1. Introduction
Person re-identification refers to identifying a pedestrian of interest based on external information or characteristics of walking from a number of people captured in single or multi-camera environments. It is being regarded as an essential technique for the intelligent video surveillance systems such as tracking offenders or searching for missing persons [
1,
2]. Recent person re-identification methods use deep neural network to transform the person images of both a query and a gallery set into feature embedding. Then, the similarity between the feature embedding of the query and the ones in the gallery set is estimated to verify the identity of person of interest by selecting similar images from the gallery set.
However, in an actual environment, the identity of a person can be easily confused depending on the differences in the captured time, place, or viewpoint. Because a large difference in appearance of person such as an appearing color, pattern of clothing, belongings, or exposed skin such as face, arms, and legs can be caused by the change of such conditions. Therefore, an intra-class variation that phenomenon of identifying the same person differently or an inter-class variation that phenomenon of identifying the different person as the same can happen easily. Due to such variations, the similarity between the same person can be estimated low, or the similarity between the different person may show high.
As a method to solve such variations, recent studies [
3,
4,
5,
6,
7,
8,
9,
10,
11,
12] have mainly used the following two types of methods.
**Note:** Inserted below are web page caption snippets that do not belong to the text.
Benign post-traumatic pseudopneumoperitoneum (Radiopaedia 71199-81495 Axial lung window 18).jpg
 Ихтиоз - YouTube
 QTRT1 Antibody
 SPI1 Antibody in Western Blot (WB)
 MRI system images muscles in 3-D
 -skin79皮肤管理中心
In the first method, a neural network uses additional meta-information such as time, place, and viewpoint at the time of photographing of the pedestrian with a person image [
3,
4]. Although this method has the advantage of improving the person re-identification accuracy, it is difficult to obtain such meta-information automatically from an actual environment. Moreover, additional considerations and resources are required to process acquired information into a data form that can be input into a neural network. Therefore, the second method, which only uses images as input data, has been mainly studied. To obtain the performance close to the first method without additional meta-information, this method utilizes various preprocessing techniques or utilizes a number of auxiliary neural networks or special modules to extract more discernable representative features from the input image while constructing a neural network [
5,
6,
7,
8,
9,
10,
11,
12]. Although this method has an advantage of achieving performance close to the first method, the model can become excessively complicated due to the requirement of several auxiliary neural networks within the neural network or an algorithm in addition to the neural network [
5,
6,
9]. Due to the limitations of the image segmentation method or filter shape used by the existing method, it is difficult to reflect the visual elements of various sizes and shapes appearing in the person image into the feature embedding [
5,
6,
7,
8,
9,
10,
11,
12].
Therefore, in order to enable robust re-identification against the intra/inter-class variations using only the given person images without any other meta-information, a new person re-identification method with dual pyramids that extracts various visual feature elements scattered in various areas of a person image and reflects them in the feature embedding is proposed in this paper. In dual pyramids, a scale pyramid reflects the visual feature elements in various sizes and shapes, and then a part pyramid selects visual feature elements and differently combines them for the feature embedding per each region of the person image. For such purpose, a scale pyramid has different sized kernels that are arranged in serial and parallel fashions, and a part pyramid uses divided and combined feature maps extracted from the scale pyramid to compose feature embedding. Moreover, the proposed model can provide accurate re-identification results using multi-scale features from various regions on the input image.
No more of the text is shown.